In previous parts of this series I covered one attack that compromises security in NFC/RFID enabled devices. The same techniques can be applied to obtain information from other wired and wireless communication interfaces. In cases like Ethernet, WiFi, ZigBee, and Bluetooth it is even easier to accomplish with standard and low-cost hardware running on readily available security evaluation Linux distributions.
When dealing with communications security it is important to pay special attention to all kinds of vulnerabilities, especially when creating devices for a globally connected IoT world. It is a good strategy to assume that all physically accessible communication interfaces are exposed to Data Interception and Data Corruption/Manipulation attacks. Even the processor memory could get exposed when using the appropriate set of tools. It is mandatory for a secure system to implement at least one additional layer of security on top of the communication interface. This particularly holds true for payment applications involving RFID/NFC communications.

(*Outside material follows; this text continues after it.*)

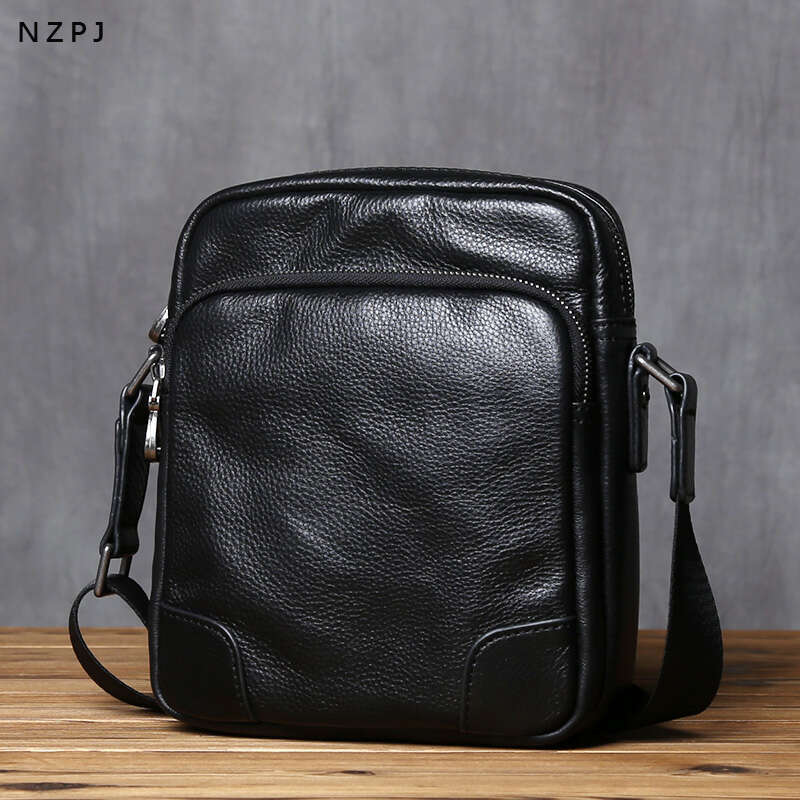 Genuine Men's Shoulder Natural Cowhide Vertical Crossbody Bag Casual Satchel Soft Leather For 8-Inch Ipad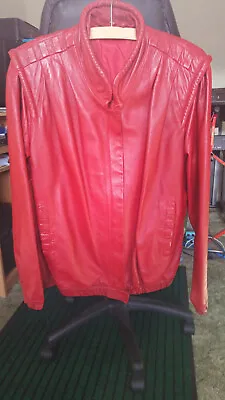 Buy Ladies Red Soft Leather Jacket Excellent Condition Hardly Worn • 14.99£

For adding robustness against these kinds of security threats it is necessary to accomplish these main goals:
- Ensure the authenticity of the device at the other end of the channel. Multi-pass mutual authentication procedures are used for proving that both devices are in possession of the same secret key. True random generators, secure memory storage, and strong encryption algorithms play key roles in this procedure.
- Exchange sensitive information using encrypted messages. There are several symmetrical and asymmetrical data encryption methods, algorithms, and standards in use today for securing smartcards, RFID, and NFC communications. Some, like AES and RSA, provide very high levels of security. DES and 3DES proved vulnerable to several types of attacks.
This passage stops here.